June 2007
Features

Optimizing multi-stage separators' pressure set points maximizes oil recovery

In a simulation, the proposed, simple procedure increased oil production and API gravity at no added cost.

Vol. 228 No. 6  

PRODUCTION TECHNOLOGY

Optimizing multistage separators’ pressure setpoints maximizes oil recovery

 In a simulation, the proposed method increased oil production and API gravity at no added cost. 

Alireza Bahadori, National Iranian South Oil Company; and Saeid Mokhatab, Production & Lift Technology LLC

To achieve good separation of gas-liquid mixture exiting crude oil production and maximize hydrocarbon liquid recovery, it is necessary to use several separation stages at decreasing pressures and then adapt the pressure setpoints to improve separation and recovery at minimum cost. A simple procedure, which does not require mass balance calculations, is proposed here to optimize separators’ pressures in the crude oil production unit. The proposed methodology determines the optimum pressures of separators in different stages of separation and consequently optimizes the operating conditions. In this study, the optimum pressures of separators in a 51,740-bbl/day oil production unit were determined. As a result, oil recovery was increased 146 bbl/day in summer or 184 bbl/day in winter, and the quality of total produced oil was improved by 0.5° API.

BACKGROUND

The principal means of surface separation of oil-gas mixtures is stage separation-a process at the wellhead in which gaseous and liquid hydrocarbons are “flashed,” or separated, into vapor (gas) and liquid (oil) phases by two or more separators arranged in series. The purpose of the stage separation is to reduce the pressure on the produced oil in steps to maximize stock tank oil recovery. If the separator pressure is too high, large amounts of light components will remain in the liquid phase at the separator and will be lost along with other valuable components to the gas phase at the stock tank. Conversely, if the pressure is too low, large amounts of light components will be separated from the liquid, and they will attract substantial quantities of intermediates and heavier components. Consequently, it is necessary to optimize separators’ pressure in winter and summer seasons. Considerable gains could be realized by performing process simulations to optimize the separator pressure for oil recovery.

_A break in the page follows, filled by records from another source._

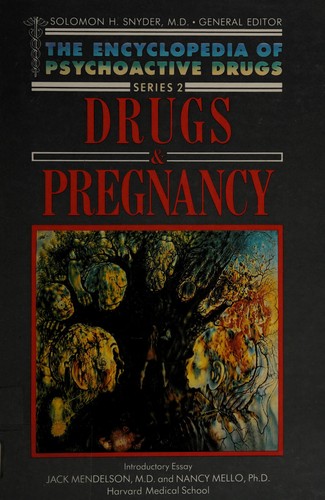Cover for Drugs & pregnancy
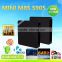 HOT!!! mini m8s android tv box with IPTV strong functon set top box receiver for the world.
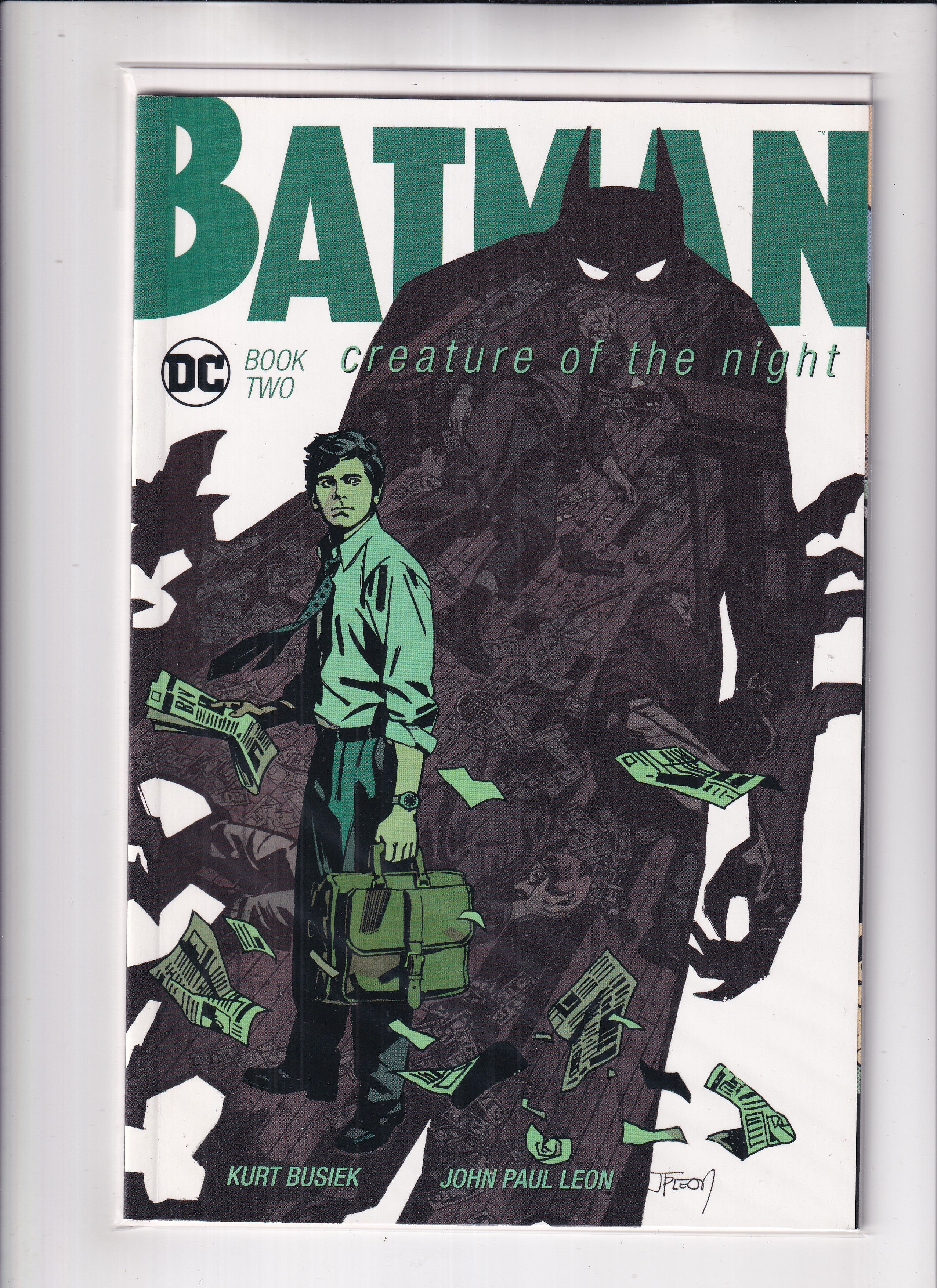 Batman Creature of the Night #2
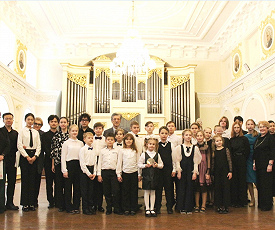 Нижегородские мотивы: играем вместе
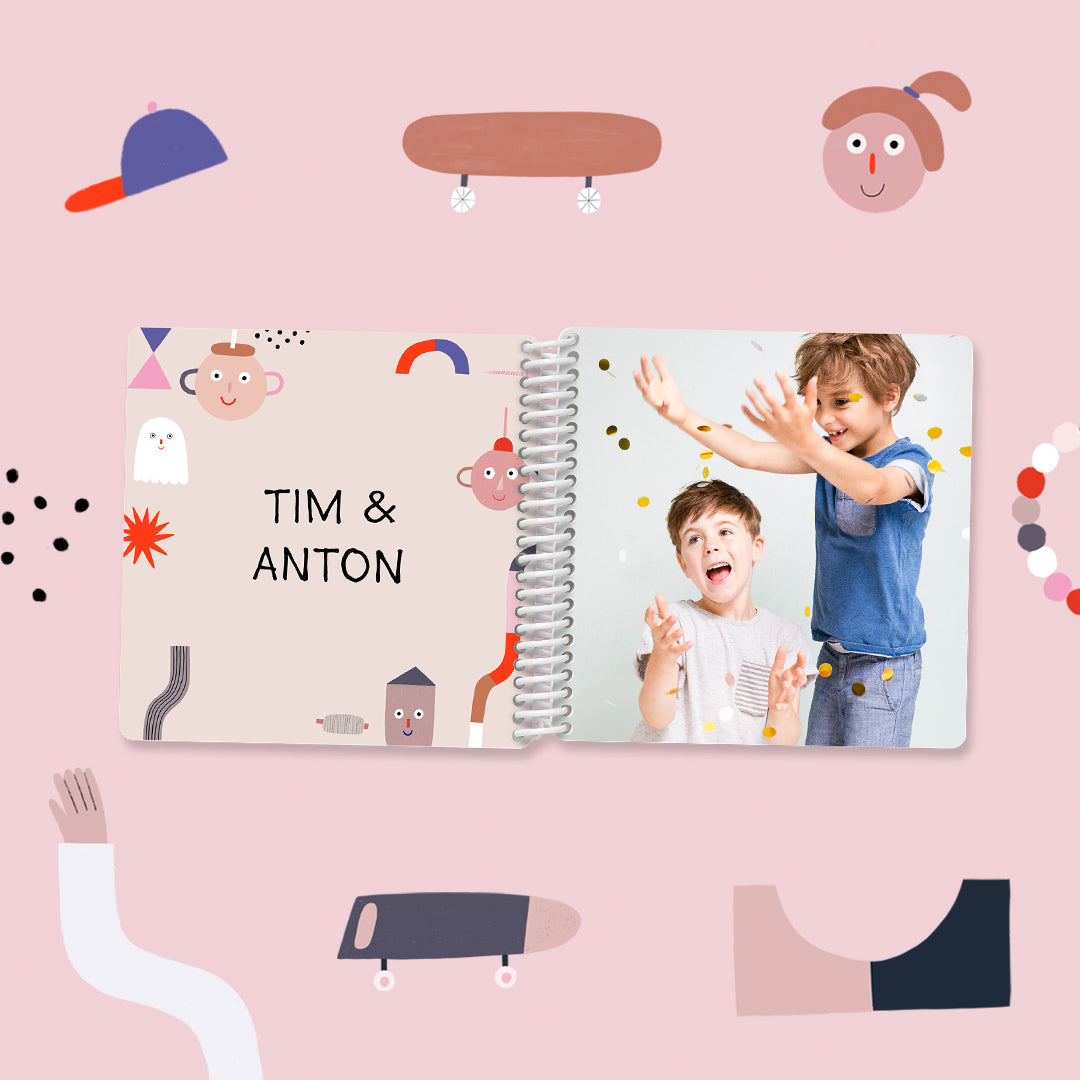 Fotobuch für Kinder Lieblingsstück-Edition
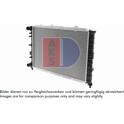 Kylare, motorkylning AKS DASIS - 010330N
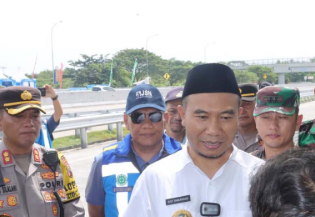 Bupati Sragen Mengecam Aksi Anarkis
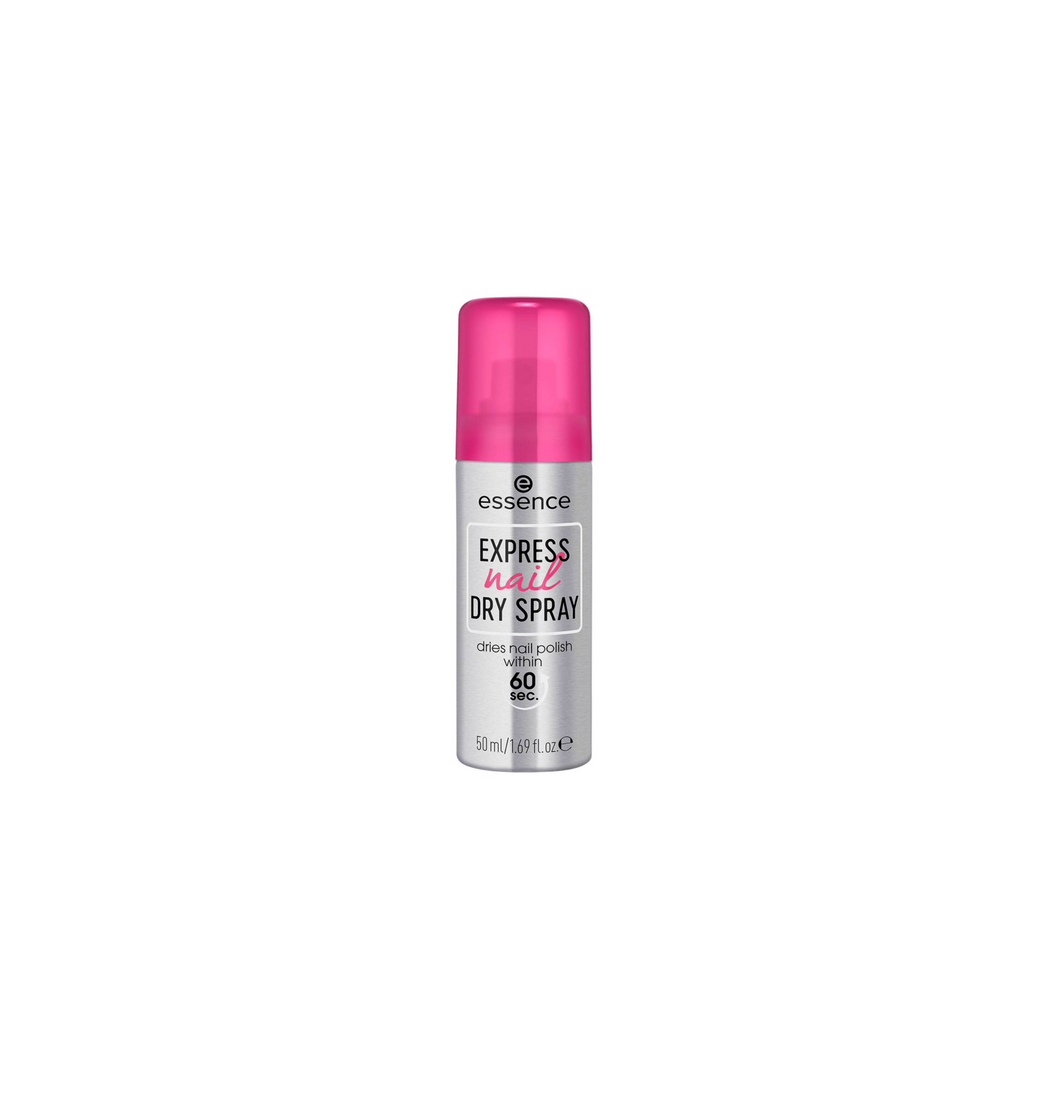 Beauty Spray de Secagem do Verniz Express
Essence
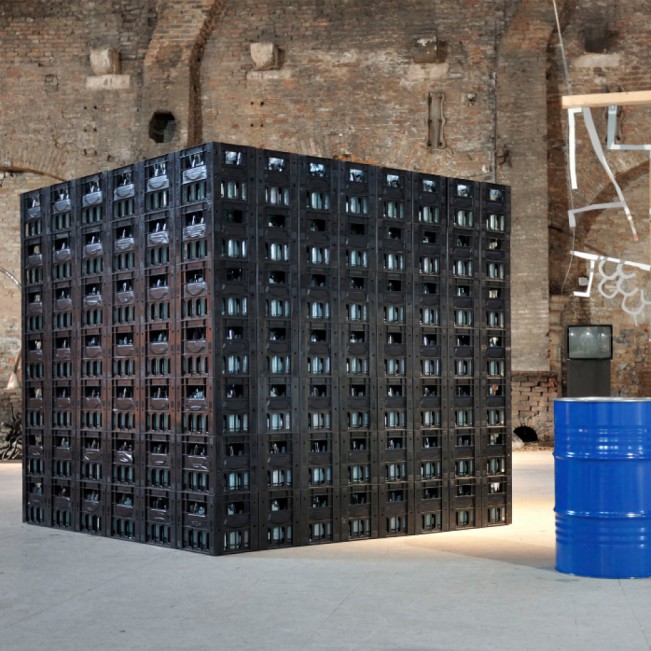 Matteo Peretti, Volumi-Acqua, 2015 Matteo Peretti, Volumi-Acqua, 2015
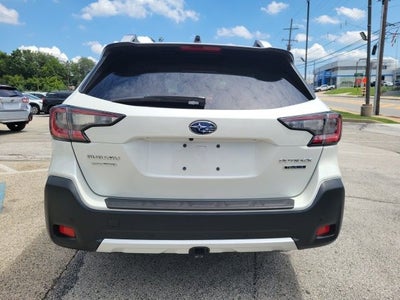 2025 Subaru Outback Touring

Produced reservoir fluids are complex mixtures of components with different physical characteristics. A wellstream flowing from the high-pressure petroleum reservoir experiences pressure and temperature reductions. The wellstream changes in character as gases evolve from the liquids. The manner in which the hydrocarbon phases are separated at the surface is critical to oil recovery, including the gravity of the stock tank oil and any VOCs that may be vented or recovered from the stock tank.

The main objective of stage separation is to stabilize the resultant phases (gas and liquid) leaving the final separator, so considerable amounts of gas or liquid do not evolve from the final liquid and gas phases, respectively.

Mechanically, there are two types of gas-oil separation processes: “differential” separation and “flash” or “equilibrium” separation. In order to explain these processes, it is convenient to divide hydrocarbon mixtures into three groups of components. These groups are:

  • The very volatile components (“lights”), such as nitrogen, methane and ethane
  • The components of intermediate volatility (“intermediates”), such as propane through hexane
  • The components of low volatility (“heavies”), such as heptane and heavier components.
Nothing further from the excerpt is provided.